Là où la nouvelle croisade d’Alexandre Taillefer fait sourciller toutefois, c’est lorsqu’il estime juste de se demander : « ne devrions-nous pas viser à tirer les plus pauvres vers le haut plutôt que de tirer les plus riches vers le bas ? », jugeant déraisonnable d’en exiger davantage du « 25 % des Québécois les plus riches qui versent déjà 77 % des impôts perçus ».

Amalgamer ainsi la classe moyenne (ceux qui gagnent entre 50 000 $ et 100 000 $ par année) avec les plus riches (100 000 $ et plus) permet à M. Taillefer de noyer le poisson, soit le fait qu’au Québec, ce sont les impôts sur les bas revenus qu’on a augmentés au fil des années, tandis qu’on a diminué ceux sur les revenus supérieurs à 100 000 $. Les plus riches ont par ailleurs vu leurs revenus augmenter significativement (86 %) entre 1982 et 2010, tandis que le revenu moyen du reste de la population n’augmentait que de 12 % en dollars constants, passant de 25 658 $ à 28 800 $, nous apprend cette étude de l’IRIS, intitulée « Les inégalités : le 1 % au Québec ».

Taillefer évoque aussi le poids des impôts fonciers qui ne cessent d’augmenter, sans dire qu’encore faut-il avoir les moyens d’être propriétaire d’un bien immobilier pour en payer. Il mentionne la charge que représente la taxe de 15 % sur la consommation, une taxe régressive qui pénalise pourtant bien davantage les plus pauvres, qui la paient au même taux que les plus riches. Mais, surtout, il cherche à nous émouvoir avec le taux d’imposition marginal qui « atteint maintenant 54 % ».

Qu’est-ce que ça mange en hiver un taux d’imposition marginal ? Ce terme désigne le taux maximum d’imposition qu’une personne paie sur la tranche la plus élevée de ses revenus imposables – parce que notre système d’impôt est progressif et devrait même l’être encore davantage.

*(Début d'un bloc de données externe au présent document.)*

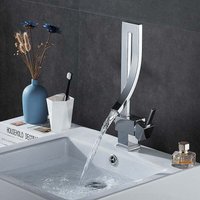 Shmshng - Wasserhahn Messing Waschtischarmatur Modestil Schlichte Mode Waschtischarmatur Heiß Kalt Badarmaturen Reflex Wasserfall Wasserhahn Shmshng - Wasserhahn Messing Waschtischarmatur Modestil Schlichte Mode Waschtischarmatur Heiß Kalt Badarmaturen Reflex Wasserfall Wasserhahn von SHMSHNG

Il ne faut pas le confondre avec le taux effectif qui s’applique à l’ensemble des revenus. Ainsi, au Québec, une personne qui a des revenus imposables de 150 000 $ en 2015 a certes un taux d’imposition marginal de 50 % ou 54 %, mais elle paie un impôt effectif maximal de 36,9 % sur son revenu, impôts fédéral et provincial combinés.

Alors, oui, réjouissons-nous lorsqu’un homme d’affaires comme Alexandre Taillefer prône l’augmentation du salaire minimum à 15 $. Mais s’il veut passer pour un entrepreneur novateur et vraiment progressiste, il aurait avantage à chasser le naturel de la classe d’affaires qui revient manifestement au galop dans ses propos – qui charrient les poncifs habituels sur le « fardeau » fiscal des plus riches.